Why in news?
The Union government is planning to re-impose a LTCG tax on equity investments.
What are the taxes levied in equity market?
- LTCG -Long term capital gains taxes are levied on profits on sale of shares after a holding period of at least a year.
- In India LTCG is tax-exempt on the sale of listed securities, since 2005, It is aimed at encouraging long-term equity investments.
- STCG - Short Term Capital Gains (STCG) taxes are levied on profits on sale of shares held for less than 12 months, these are taxed at a flat 15 per cent.
- STT -Securities Transaction Tax is levied on every purchase or sale of securities that are listed on the Indian stock exchanges.
- This would include shares, derivatives or equity-oriented mutual funds units.
- STT is deducted at source at the time of the transaction itself.
- In India equity investors are required to pay a securities transaction tax of just 0.10 per cent of the trade value.
What is government’s plan on LTCG?
- Government is considering of removing the distinction between long-term and short-term gains.
- It is considering of stretching the definition of ‘long-term’ for equity investments from one to three years.
- There are also proposals to prospectively impose a moderate LTCG tax on equities after a three-year holding period.
What is the needs for this move?
- Tax exempt of returns on equity investments, usually owned by the creamy layer of investors enjoy concessional tax rates.
- While those on post office instruments or bank deposits by non-creamy investors are taxed at the income-tax slab rates, which is discriminative.
- It is also unfair that equities enjoy a lower rate of short-term capital gains tax 15 per cent, at the same time with just a one-year holding treated as ‘long-term’ (it is three years for other assets).
- Many corporates have used LTCG on penny stocks and shell companies to launder their unaccounted wealth.
- STT was introduced to avoid tax discrimination has significantly upped transaction costs in the Indian market.
- It has raised costs for pass-through vehicles such as mutual funds and pension funds, and not yielded very impressive tax collections.

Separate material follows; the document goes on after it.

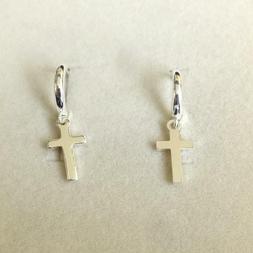 Uomo Cerchi Colore Argento Con Piccola Croce Pendente - 423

- Thus re-imposing of LTCG taxes will address tax discrimination issues and also improves tax revenues
What are the prospects of this taxation?
- Unlike the STT (Security transaction taxes) regime, where the investor shells out tax irrespective of profit or a loss, an LTCG regime taxes investor only if his trades prove profitable.
- LTCG tax can also help long-term investors set off their losses in one year against gains in another, a facility not available with STT.
- LTCG for equities could yield better revenues in a bull market, but it would depend on market conditions.
- Any change in LTCG taxation, may trigger some short-term market upheaval, but it is unlikely to drive away domestic or foreign investors from Indian equities.